Zstd Compressed Firmware Will Finally Be Supported With Linux 5.19

Written by Michael Larabel in Linux Kernel on 25 April 2022 at 06:23 AM EDT. 6 Comments
For two years there has been interest and unmerged patches for allowing Linux's plethora of firmware blobs to be Zstd-compressed for helping to save disk space. Finally it looks like for Linux 5.19 that optional Zstd firmware compression support will be merged.

The Linux kernel continues making greater use of the Facebook-developed Zstandard compression algorithm thanks in large part to its very speed decompression performance and other modern features. From transparent file-system compression to compressing the kernel image with Zstd, there is growing use of it within the kernel. Talked about every so often Zstd firmware compression support. Compressing the Linux firmware tree with Zstd has tended to be slightly larger than using the existing XZ support, but the decompression when loading the firmware files is much faster.

Finally for Linux 5.19 it looks like that Zstd firmware compression handling code will be merged. Greg Kroah-Hartman has queued it up into driver-core-next as of this past weekend. The Zstd-compressed firmware infrastructure as well as the self-tests are all queued up in driver-core-next ahead of the Linux 5.19 merge window opening around the end of May.

Zstd firmware compression support finally landed in driver-core-next, meaning it should in turn be submitted for Linux 5.19 barring any last minute issues.

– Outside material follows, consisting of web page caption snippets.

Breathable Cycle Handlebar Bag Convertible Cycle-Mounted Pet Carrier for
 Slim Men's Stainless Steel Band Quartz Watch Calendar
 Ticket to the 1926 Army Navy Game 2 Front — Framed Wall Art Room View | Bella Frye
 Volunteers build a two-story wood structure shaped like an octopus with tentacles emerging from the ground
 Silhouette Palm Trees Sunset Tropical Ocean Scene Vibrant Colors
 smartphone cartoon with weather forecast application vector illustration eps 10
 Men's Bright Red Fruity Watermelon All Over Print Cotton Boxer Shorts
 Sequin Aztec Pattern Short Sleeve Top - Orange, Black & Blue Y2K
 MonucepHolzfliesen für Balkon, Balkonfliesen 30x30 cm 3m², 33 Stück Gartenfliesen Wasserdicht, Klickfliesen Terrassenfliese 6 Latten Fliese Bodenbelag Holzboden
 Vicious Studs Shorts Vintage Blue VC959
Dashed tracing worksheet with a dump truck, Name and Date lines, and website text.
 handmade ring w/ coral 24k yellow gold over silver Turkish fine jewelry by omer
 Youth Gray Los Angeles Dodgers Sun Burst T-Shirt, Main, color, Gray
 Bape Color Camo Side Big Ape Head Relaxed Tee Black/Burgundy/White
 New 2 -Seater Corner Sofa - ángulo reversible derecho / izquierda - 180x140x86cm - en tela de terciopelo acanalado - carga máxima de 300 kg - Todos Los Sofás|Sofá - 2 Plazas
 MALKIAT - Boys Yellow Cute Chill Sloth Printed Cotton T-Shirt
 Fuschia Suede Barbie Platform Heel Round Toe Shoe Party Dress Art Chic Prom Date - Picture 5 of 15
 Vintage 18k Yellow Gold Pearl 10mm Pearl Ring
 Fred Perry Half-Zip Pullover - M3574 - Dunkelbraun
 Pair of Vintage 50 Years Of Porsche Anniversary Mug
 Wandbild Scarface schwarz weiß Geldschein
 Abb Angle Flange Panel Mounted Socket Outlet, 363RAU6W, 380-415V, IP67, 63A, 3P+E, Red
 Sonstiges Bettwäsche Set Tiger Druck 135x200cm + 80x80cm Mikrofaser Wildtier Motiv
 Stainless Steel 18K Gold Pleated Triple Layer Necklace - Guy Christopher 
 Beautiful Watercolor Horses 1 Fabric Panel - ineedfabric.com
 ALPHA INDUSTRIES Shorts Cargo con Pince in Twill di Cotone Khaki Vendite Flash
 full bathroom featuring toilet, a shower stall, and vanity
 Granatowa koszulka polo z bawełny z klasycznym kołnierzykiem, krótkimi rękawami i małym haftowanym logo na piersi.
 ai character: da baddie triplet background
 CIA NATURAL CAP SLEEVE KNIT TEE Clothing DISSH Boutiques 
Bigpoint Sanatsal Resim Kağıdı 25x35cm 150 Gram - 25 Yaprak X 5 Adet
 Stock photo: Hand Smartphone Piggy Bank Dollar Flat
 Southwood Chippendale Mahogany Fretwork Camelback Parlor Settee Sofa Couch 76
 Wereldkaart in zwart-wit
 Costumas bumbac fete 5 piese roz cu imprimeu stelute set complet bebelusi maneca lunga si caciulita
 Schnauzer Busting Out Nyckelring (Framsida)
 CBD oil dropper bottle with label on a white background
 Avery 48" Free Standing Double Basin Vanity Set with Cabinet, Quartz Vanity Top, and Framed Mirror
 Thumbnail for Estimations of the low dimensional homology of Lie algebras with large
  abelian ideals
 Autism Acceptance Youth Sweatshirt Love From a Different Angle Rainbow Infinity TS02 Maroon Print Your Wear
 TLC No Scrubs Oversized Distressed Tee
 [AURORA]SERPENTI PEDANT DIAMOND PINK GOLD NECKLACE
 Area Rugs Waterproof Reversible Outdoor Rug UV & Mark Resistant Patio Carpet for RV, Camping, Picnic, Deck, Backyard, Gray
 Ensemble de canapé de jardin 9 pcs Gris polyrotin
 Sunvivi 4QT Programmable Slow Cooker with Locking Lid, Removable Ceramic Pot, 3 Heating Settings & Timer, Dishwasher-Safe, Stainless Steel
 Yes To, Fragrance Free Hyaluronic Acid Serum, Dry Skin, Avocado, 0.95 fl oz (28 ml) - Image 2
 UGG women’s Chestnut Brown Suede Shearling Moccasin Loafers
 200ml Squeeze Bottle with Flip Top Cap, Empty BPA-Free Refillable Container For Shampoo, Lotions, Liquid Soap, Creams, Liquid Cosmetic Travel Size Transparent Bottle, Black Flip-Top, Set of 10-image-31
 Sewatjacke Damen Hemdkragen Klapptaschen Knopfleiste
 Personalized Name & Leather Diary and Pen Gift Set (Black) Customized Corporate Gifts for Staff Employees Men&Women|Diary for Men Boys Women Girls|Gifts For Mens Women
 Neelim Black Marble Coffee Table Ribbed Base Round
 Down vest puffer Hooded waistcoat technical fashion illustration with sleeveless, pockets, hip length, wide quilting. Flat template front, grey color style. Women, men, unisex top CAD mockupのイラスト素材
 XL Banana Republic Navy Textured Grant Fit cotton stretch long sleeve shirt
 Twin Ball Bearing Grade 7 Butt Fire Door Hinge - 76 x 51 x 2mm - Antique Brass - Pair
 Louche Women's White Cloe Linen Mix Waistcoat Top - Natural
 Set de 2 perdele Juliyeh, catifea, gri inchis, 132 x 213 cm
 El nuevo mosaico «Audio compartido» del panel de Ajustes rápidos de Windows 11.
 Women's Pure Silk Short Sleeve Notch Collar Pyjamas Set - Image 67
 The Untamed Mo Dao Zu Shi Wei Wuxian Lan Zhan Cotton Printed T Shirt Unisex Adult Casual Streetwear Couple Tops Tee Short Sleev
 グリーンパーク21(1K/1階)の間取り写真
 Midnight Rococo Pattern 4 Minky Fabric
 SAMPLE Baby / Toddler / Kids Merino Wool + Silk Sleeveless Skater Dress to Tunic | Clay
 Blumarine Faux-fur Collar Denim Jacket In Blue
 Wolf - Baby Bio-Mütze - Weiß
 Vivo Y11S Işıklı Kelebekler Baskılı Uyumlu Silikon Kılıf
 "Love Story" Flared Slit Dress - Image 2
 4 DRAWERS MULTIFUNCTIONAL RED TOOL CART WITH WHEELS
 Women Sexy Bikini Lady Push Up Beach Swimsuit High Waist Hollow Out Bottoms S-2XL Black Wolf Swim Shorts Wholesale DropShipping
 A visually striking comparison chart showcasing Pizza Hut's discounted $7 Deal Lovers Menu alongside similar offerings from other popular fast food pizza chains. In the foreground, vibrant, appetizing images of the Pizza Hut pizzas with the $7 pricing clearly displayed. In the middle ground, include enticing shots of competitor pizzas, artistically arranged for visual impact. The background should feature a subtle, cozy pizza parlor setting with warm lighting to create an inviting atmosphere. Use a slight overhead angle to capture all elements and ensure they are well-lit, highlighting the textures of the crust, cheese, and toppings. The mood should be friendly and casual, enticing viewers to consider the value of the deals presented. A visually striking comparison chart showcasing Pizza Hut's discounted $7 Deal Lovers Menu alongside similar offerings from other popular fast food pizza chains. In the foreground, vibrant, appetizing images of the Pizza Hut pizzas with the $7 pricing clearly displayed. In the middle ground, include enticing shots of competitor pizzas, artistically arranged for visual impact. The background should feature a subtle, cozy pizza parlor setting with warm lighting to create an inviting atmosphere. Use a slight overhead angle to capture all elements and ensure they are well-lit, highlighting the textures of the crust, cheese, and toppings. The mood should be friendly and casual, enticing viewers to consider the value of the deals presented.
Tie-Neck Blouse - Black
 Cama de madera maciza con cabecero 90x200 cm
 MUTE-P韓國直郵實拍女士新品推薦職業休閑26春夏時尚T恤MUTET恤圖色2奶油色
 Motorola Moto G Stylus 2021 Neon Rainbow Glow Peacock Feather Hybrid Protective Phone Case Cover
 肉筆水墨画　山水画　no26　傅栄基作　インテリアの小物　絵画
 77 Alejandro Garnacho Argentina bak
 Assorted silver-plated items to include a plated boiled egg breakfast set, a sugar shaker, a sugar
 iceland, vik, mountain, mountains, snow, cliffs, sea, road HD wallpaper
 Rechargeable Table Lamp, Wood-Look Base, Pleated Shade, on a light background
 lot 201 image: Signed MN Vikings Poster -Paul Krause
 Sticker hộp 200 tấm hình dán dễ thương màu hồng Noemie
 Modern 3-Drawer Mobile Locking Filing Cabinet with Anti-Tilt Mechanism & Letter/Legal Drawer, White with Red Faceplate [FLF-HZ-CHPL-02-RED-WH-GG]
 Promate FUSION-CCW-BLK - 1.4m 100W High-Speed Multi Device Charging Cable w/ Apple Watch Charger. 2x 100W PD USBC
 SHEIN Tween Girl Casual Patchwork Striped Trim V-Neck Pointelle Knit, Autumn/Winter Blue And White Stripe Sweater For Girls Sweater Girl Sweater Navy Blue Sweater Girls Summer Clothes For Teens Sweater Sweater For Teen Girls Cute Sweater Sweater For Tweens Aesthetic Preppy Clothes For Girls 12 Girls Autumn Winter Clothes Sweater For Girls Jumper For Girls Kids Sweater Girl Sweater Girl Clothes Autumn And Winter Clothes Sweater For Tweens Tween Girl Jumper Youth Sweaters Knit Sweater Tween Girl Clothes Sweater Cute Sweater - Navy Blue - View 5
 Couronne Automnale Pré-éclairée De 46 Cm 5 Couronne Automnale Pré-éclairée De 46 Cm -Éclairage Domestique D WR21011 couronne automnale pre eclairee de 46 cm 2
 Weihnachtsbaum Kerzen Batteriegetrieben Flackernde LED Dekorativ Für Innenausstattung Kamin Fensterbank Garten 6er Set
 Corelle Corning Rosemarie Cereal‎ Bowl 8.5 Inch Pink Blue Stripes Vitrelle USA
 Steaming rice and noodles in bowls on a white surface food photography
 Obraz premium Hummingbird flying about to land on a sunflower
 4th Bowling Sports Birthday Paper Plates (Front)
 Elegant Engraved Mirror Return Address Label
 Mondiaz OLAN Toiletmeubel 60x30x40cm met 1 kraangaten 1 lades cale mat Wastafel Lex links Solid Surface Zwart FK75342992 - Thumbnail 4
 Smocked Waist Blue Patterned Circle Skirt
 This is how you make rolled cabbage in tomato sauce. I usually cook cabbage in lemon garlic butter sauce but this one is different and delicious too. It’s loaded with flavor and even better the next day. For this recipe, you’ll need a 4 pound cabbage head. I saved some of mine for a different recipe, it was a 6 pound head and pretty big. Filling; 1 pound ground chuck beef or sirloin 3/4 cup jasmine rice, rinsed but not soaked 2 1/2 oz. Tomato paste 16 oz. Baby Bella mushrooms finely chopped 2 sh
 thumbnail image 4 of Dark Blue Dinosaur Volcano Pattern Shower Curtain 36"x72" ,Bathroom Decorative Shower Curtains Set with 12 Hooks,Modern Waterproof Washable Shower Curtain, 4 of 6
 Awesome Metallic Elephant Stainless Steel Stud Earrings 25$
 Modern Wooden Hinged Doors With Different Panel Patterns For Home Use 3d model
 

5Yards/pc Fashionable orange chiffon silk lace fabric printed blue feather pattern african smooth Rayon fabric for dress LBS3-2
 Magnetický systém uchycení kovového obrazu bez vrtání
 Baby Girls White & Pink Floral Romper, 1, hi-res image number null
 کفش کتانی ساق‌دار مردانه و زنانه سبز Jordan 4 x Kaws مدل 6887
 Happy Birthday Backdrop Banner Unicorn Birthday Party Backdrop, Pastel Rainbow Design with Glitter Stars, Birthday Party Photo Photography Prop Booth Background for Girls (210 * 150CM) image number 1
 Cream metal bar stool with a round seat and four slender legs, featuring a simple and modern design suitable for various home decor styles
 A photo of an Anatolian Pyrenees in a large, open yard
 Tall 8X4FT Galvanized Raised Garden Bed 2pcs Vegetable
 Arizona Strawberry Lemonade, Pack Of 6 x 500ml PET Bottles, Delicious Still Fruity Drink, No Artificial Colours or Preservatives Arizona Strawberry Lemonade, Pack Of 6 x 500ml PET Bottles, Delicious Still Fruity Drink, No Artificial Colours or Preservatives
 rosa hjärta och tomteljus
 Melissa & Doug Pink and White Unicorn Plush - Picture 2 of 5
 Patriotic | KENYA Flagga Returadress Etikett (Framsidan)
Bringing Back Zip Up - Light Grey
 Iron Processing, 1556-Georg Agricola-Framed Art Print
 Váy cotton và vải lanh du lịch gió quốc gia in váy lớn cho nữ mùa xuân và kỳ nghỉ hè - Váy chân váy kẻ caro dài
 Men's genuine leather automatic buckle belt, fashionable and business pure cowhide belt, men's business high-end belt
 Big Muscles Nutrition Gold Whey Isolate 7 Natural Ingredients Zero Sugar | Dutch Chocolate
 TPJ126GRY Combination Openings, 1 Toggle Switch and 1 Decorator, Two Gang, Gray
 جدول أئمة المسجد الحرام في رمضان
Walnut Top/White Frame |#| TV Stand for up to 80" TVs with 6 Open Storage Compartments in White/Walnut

This support splits the existing FW_LOADER_COMPRESS to be a general knob now with the XZ firmware compression moved to a new knob of FW_LOADER_COMPRESS_XZ while adding FW_LOADER_COMPRESS_ZSTD to enable this Zstd-compressed firmware file support. Zstd-compressed firmware files will be automatically loaded when the kernel support is enabled and the firmware file ends in .zst.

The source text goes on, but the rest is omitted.